CHICAGO—In its ongoing effort to cut transportation costs and boost profits, United Airlines announced Tuesday that it was exploring the feasibility of herding them into planes and stacking them like cordwood from floor to ceiling.
"Research shows that we lose millions of dollars each month by having them all sit upright in individual seats for the duration of the flight," said CEO Glenn F. Tilton, speaking to reporters at United Airlines' corporate headquarters. "However, if we were to remove these seats, we could just sort of stack them all in there, one by one, as they file into the plane."
"If a 747's maximum takeoff weight is 875,000 pounds, then we should be packing that plane with 875,000 pounds," Tilton added.
According to a press release, the company estimates that the new policy of simply arranging them in a towering mound will allow it to sell approximately 20 times more tickets per flight. In addition, executives claimed they would be able to eliminate the unnecessary cost of in-flight magazines, chairs, seat belts, blankets, bathrooms, headphones, and oxygen masks.
United officials said they conducted a test run in September during which they sent a flight from San Francisco to Denver and really jammed them all in there as hard as they could. Analysts found that 98 percent of them arrived safely at the correct destination, and of those who were lost or damaged, nearly all were eventually located.
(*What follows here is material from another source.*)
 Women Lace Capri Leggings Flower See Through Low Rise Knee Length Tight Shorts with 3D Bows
Engineers at the airline confirmed they are continuing to experiment with stacking patterns and ways to organize them in the cabin and cargo hold, putting an emphasis on minimizing wasted space and maximizing the stability of piles so that they do not fall over.
"After much trial and error, we've found the most efficient way to stack them is to start with a base of large ones, then put down a layer of medium ones, then fill up all the holes with the smaller ones," operations manager Gary Brown said. "The really tiny ones are great for cramming up in the corners."
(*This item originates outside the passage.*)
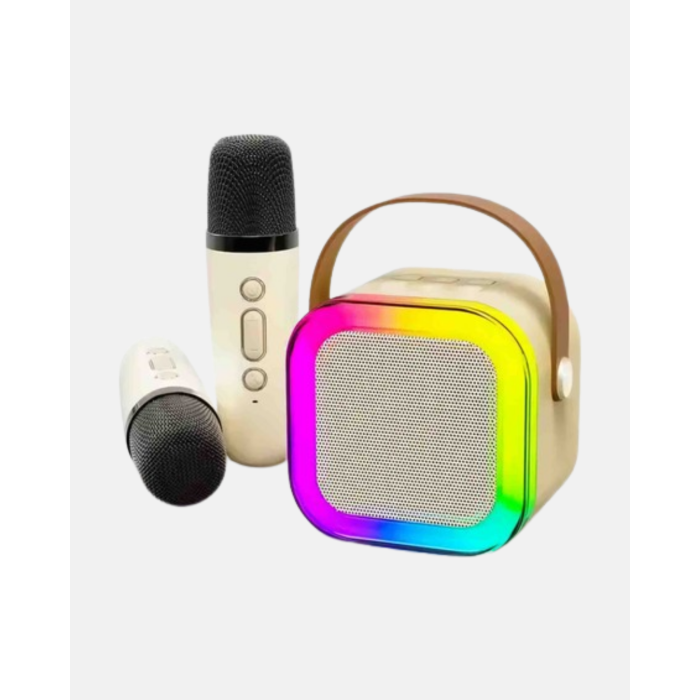 Bluetooth Karaoke Hoparlör Renkli LED Işıklı ve Type-C Şarjlı -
Brown said engineers have also explored the advantages of different loading procedures, such as driving them down the aisle like cattle, or just putting them on their sides and rolling them in. Researchers eventually concluded that the most efficient system is to wheel them out to the tarmac on luggage carts so baggage handlers can just grab them and chuck them onto conveyor belts.
Sources confirmed that early on in the trials, engineers abandoned the so-called "criss-cross" stacking method—in which each new level of them is arranged perpendicular to the previous one—as the resulting piles were not as densely packed as possible. The research also determined that bundling four or five of them together and securing them with straps or duct tape is far too time-consuming and cost-prohibitive.
"You can't just dump them in there any which way," Brown said. "The delicate ones are liable to break, and if you're not careful, they start to sway, and pretty soon the whole mess comes tumbling down."
Added Brown, "On longer flights we really want to make sure there's no room for them to move around at all."
According to senior vice president Alexandria Marren, the new loading procedure is expected to greatly reduce boarding times, and the check-in process will be streamlined as the airline takes up labeling them with special barcodes for quick electronic scanning. United also plans to introduce several new in-flight amenities, including a sprinkler system that will cool them off every 30 minutes and grated floors through which the waste products can drain.
"On top of everything else, this is going to create a lot of new employment opportunities," Marren said of the company's modernization and efficiency efforts. "For instance, we're going to need energetic go-getters who are handy with a shovel and a bucket of peanuts. And we'll also be on the lookout for talented professionals with previous experience operating high-voltage livestock prodding equipment."
Acknowledging concerns that some of them suffer from a fear of flying, the airline announced that it will soon begin forcibly tranquilizing all of them upon arrival at the check-in gate and attaching a small $45 sedation surcharge.